Today is George Washington’s birthday.

It is fitting, therefore, to reflect on “the blessings of liberty” and the acts of heroism sometimes required to secure them. And no one stands taller in the pantheon of American heroes than George Washington.

CELEBRITIES AND HEROES NOT NECESSARILY THE SAME THING

The American mind today is deeply attracted to professional athletes, musicians, movie stars, and celebrities and provocateurs of various kinds. Despite their fame and talents, however, most of them are not genuinely “heroic.”

The true hero risks much, sometimes gives much—sometimes gives everything—for the safety and freedom of others. Washington was among the revolutionaries who risked everything they had: their lives, fortunes, and sacred honor.

After defeating a military that out-gunned him in almost every way in order to secure American Independence, and after being offered any title or compensation he might possibly want, Washington asked only that he be allowed to return home. And be left alone.

That is a model for the rest of the world to contemplate. King George III, for one, could not fathom a victorious general requesting nothing more than a return to a life of farming.

MODELS OF EXCELLENCE HELP US TO SEE

In its highest form, the hero is a rare individual who exercises physical, moral, and intellectual virtue far beyond the capacity of ordinary men and women. By his or her example, the hero helps the rest of us to see what it looks like to be courageous, temperate, wise, and just. The hero helps the rest of us to see human excellence.

Washington, in particular, shows us in his actions, and teaches us in his writings, how to be self-reliant, self-assertive, self-defending, self-governing citizens of the freest nation on earth. And he makes clear the lengths to which we might need to go if we are to defend that freedom successfully from all enemies, foreign and domestic.

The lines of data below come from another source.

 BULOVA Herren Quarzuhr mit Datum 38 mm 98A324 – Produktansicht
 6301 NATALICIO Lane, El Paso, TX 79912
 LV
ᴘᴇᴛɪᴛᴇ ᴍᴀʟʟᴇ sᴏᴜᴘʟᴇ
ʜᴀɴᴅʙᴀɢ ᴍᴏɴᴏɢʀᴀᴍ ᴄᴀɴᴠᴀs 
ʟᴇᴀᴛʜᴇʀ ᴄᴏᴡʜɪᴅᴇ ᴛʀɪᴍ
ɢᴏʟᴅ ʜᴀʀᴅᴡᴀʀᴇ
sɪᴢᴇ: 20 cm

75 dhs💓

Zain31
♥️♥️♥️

On July 2, 1776, Washington sent general orders to his citizen-officers—whom the Continental Congress had no money to pay!—explaining the war effort and what was being asked of them:

The time is now near at hand which must probably determine whether Americans are to be freemen or slaves; whether they are to have any property they can call their own; whether their houses and farms are to be pillaged and destroyed, and they consigned to a state of wretchedness from which no human efforts will probably deliver them. The fate of unborn millions will now depend, under God, on the courage and conduct of this army.

Our cruel and unrelenting enemy leaves us no choice but a brave resistance, or the most abject submission. This is all we can expect. We have therefore to resolve to conquer or die.

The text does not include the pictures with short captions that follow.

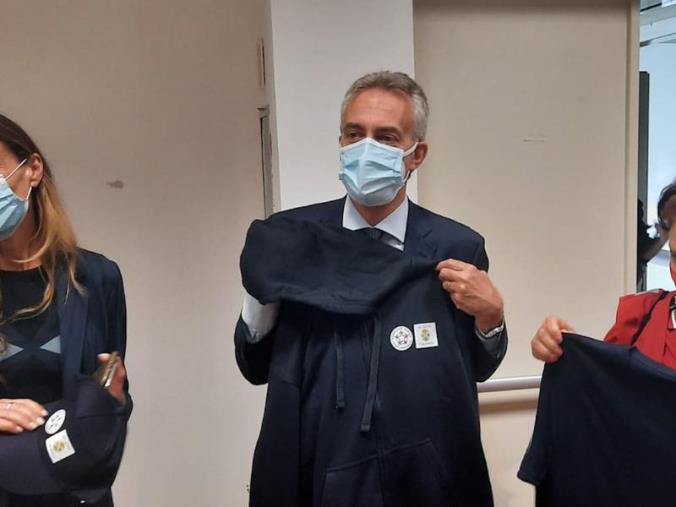 images Consegnate magliette e cappellini ai volontari calabresi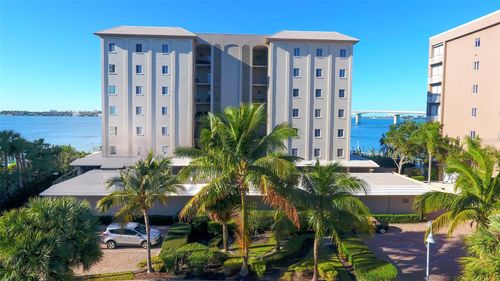 apt-61-350 Golden Gate Pt, SARASOTA, FL, 34236-6624 | Card Image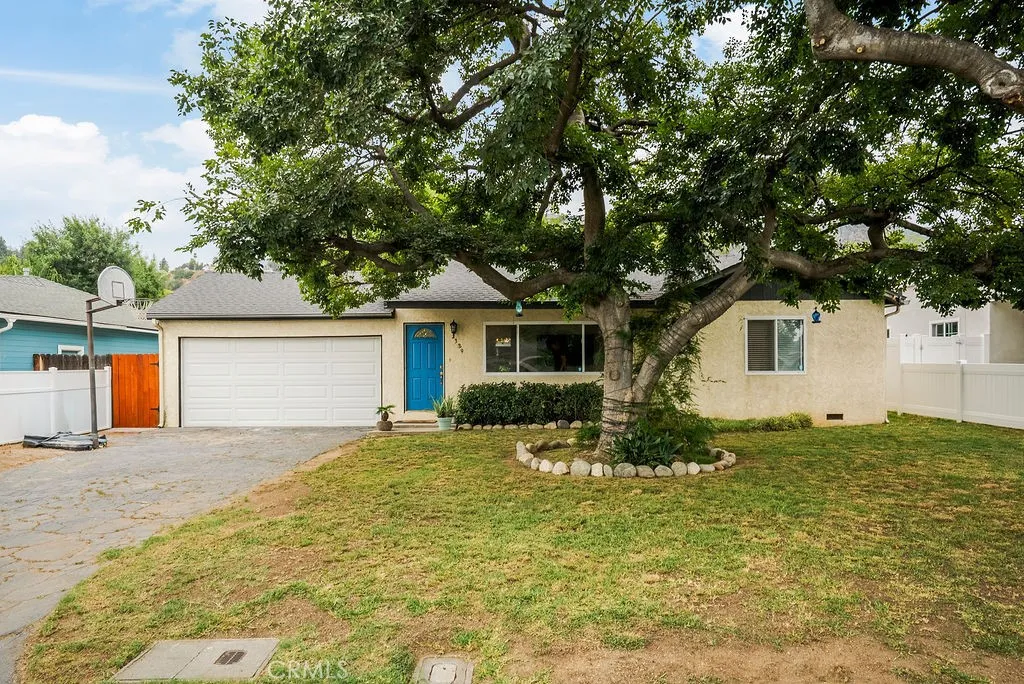 2329 Bashor, Duarte, CA 91010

Our own Country’s honor all call upon us for a vigorous and manly exertion, and if we now shamefully fail, we shall become infamous to the whole world. Let us therefore rely upon the goodness of our cause, and the aid of the supreme Being, in whose hands victory is, to animate and encourage us to great and noble actions. The Eyes of all our Countrymen are now upon us, and we shall have their blessings, and praises, if happily we are the instruments of saving them from the Tyranny meditated against them. Let us therefore animate and encourage each other, and show the whole world that a free man contending for liberty on his own ground is superior to any slavish mercenary on earth.

Seven days later, on July 9, 1776, Washington ordered his officers to read the Declaration of Independence to their troops, explaining the rightness of the American cause for freedom.

HAPPY BIRTHDAY TO A HERO

“To add brightness to the sun, or glory to the name of George Washington,” Abraham Lincoln later remarked in a eulogy on the man from Mount Vernon, “is alike impossible.” “Let none attempt it. In solemn awe pronounce the name, and in its naked deathless splendor, leave it shining on.”

Very well, Mr. Lincoln. I shall not attempt it. To the Indispensable Man of the American Revolution, George Washington, I merely say: Happy Birthday, Sir.